Trump isn’t the only one in on the carnival. With the issue on the table again, other politicians are joining. Cruz and Trump’s presidential rival Rand Paul quipped, “You know, I think without question he is qualified and would make the cut to be prime minister of Canada, absolutely without question, he is qualified and he meets the qualifications.” John McCain—the senator and former presidential candidate who was born in Panama, where his father was serving at an American base in the Canal Zone—was asked about it too, and replied, “I think there is a question. I'm not a constitutional scholar on that, but I think it's worth looking into. I don't think it's illegitimate to look into it.” (He added: “I know it came up in my race because I was born in Panama, but I was born in the Canal Zone, which is a territory.”) Representative Nancy Pelosi, the Democratic minority leader, responded to a question by saying she could see a difference between McCain and the Canal Zone on one hand and Cruz and Canada on the other.

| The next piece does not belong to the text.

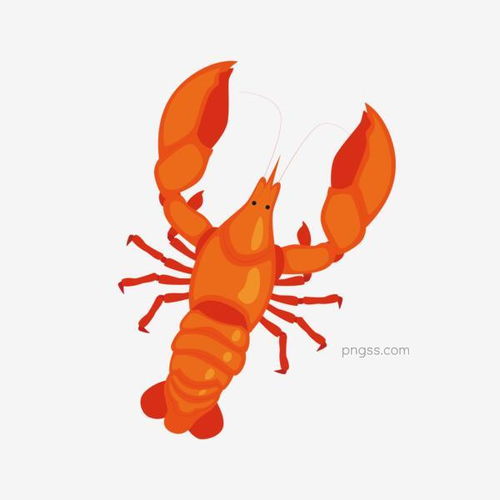 红色卡通大龙虾插画 美食与装饰的完美结合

All three of these politicians are probably trolling. McCain has shown little patience for birtherism in the past—he famously rebuked a questioner who called Barack Obama an “Arab” during a 2008 campaign stop—but he has even less patience for Ted Cruz. Paul may profit from taking a shot at a fellow candidate, but he also loves to troll, as McKay Coppins documents in The Wilderness. And Pelosi, too, is an accomplished troll.

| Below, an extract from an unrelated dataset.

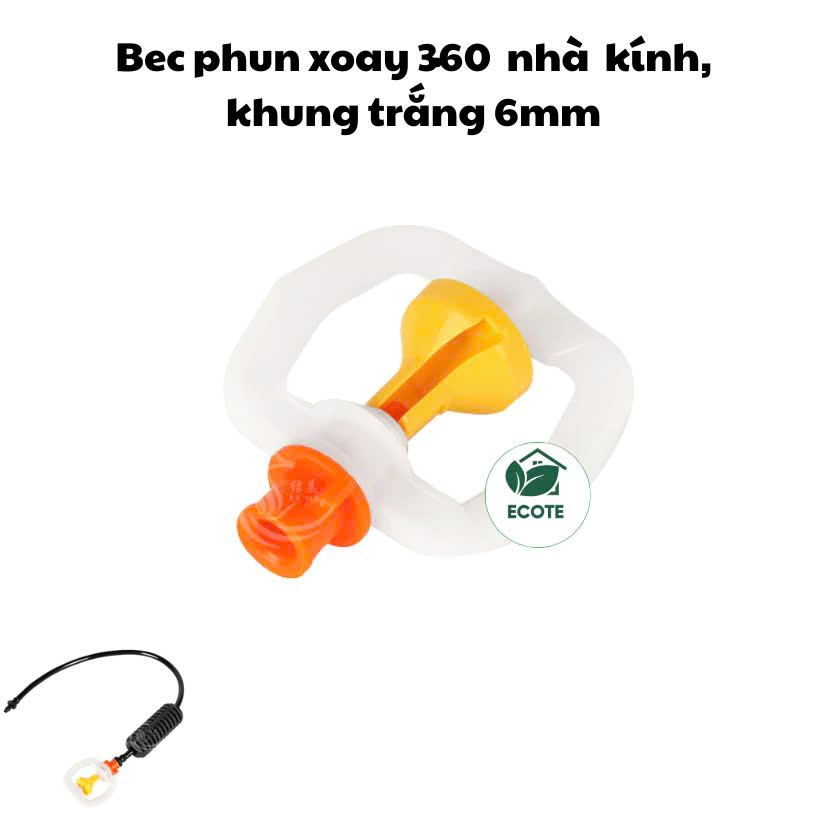 z6520758672676_2d091f81cfa0cdd6def7368c552d82a8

Trump reemerged as a political force on the basis of his own championing of birtherism in 2011; he allegedly bankrolled investigators who he sent to Hawaii to look into Obama’s origins, though he never released the results. Even since Obama released his long-form birth certificate, as Trump demanded, Trump has quietly continued to espouse birtherism. Given all that, it would be hard for him to not at least go through some motions on questioning Cruz’s eligibility—even if Obama had been born abroad, his mother was an American citizen, which would give him the same claim to citizenship that Cruz does. (Not that Trump has allowed a foolish consistency to be the hobgoblin of his “really smart” mind.)
Moreover, the birther attack gives Trump a good method to attack Cruz, who has recently emerged as his major rival in polling both nationally and in Iowa. But what kind of weapon is birtherism? It is, at its root, an effective way of telling voters that Cruz isn’t like them. That he’s not one of us. That he’s different. In other words, it capitalizes on all of the anti-immigrant, anti-foreigner sentiments that have driven his campaign all along.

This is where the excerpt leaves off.